Back in the early '90s when he was working in a traditional financial-planning firm outside of Boston, Dave Beaty found himself asking the question Peggy Lee once posed in her song, "Is that all there is?"
Beaty's practice at that time revolved around traditional functions, like retirement planning, monitoring investments, tax strategies and estate planning. A handful of wealthy clients were already looking for more complex services, and that challenge appealed immensely to him.
In 1995, Beaty struck out on his own and launched Tanager Financial Services, with an eye toward creating a firm that would offer a broader, more sophisticated array of services than most advisors could have imagined at that time. Between 1986 and 1992, Beaty, a certified public accountant, had served as an advisor in the personal financial-planning division of Price Water-house and consulted with some successful clients about taxes, investment management and estate-planning issues. Like many advisors at giant accounting firms in that era, he was frustrated by restrictions on his ability to help clients implement their financial plans.
When he established Waltham, Mass.-based Tanager, Beaty conceived a firm that would offer family office-style services (usually available only to ultra-wealthy individuals with more than $100 million) to the merely affluent. The idea behind the multiclient family office is that families who don't have the quarter of a billion or so it takes to justify hiring a complete staff of advisors, accountants and attorneys can pool their resources with other families and, in effect, rent them. Though Beaty wasn't banking on the last five years of the millennium spawning the amount of wealth that it did, he created a firm that now stands as one model for advisors targeting the affluent looking to upgrade their service offerings.
As financial-services giants and others seek to commoditize traditional functions of personal finance, many leading advisors who aren't embracing the multiclient, family office prototype completely are studying it and deciding what new services they need to add to sharpen and differentiate their competitive position. Some are going a step further. In Albuquerque, N.M., Universal Advis-ory Services' Joe Kopcynski is leveraging his business-consulting expertise to build much deeper relationships with clients than most advisors enjoy in a family office environment. A former financial executive at a major conglomerate, Kopcynski initially built his firm around providing consulting advice to physicians, helping them negotiate with landlords, health maintenance organizations and others. In recent years, however, he has landed several successful family business clients and used his expertise to advise them on questions of both business and personal finance.
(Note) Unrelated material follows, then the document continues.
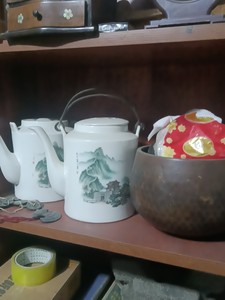 两把大山水壶，一个清代铜庆，一个茶壶盖子配的，高度20厘米。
Other firms, like Charles D. Haines in Birmingham, Ala., and The Evensky Group in Coral Gables, Fla., are raising capital to build large family office networks, albeit with very different models and target markets. "When someone like Harold Evensky, who practically coined and branded the term 'wealth management,' starts going towards more comprehensive financial planning, that is a strong signal that the wealth-management strategy may not be the strategy of the future," Haines notes. He believes the days of independent advisors "doing financial planning and flipping mutual funds" are waning. "It's not a profitable business strategy; it's a harvesting strategy. Some clients will leave you over time," he explains.
What sets Tanager apart is that it is much farther down the road than most advisory firms in attempting to meld at least some family office services into their firms. It employs about 27 people and oversees $2 billion in assets for about 100 clients. Impressive as those numbers might sound, they don't tell the real story of what the firm actually does.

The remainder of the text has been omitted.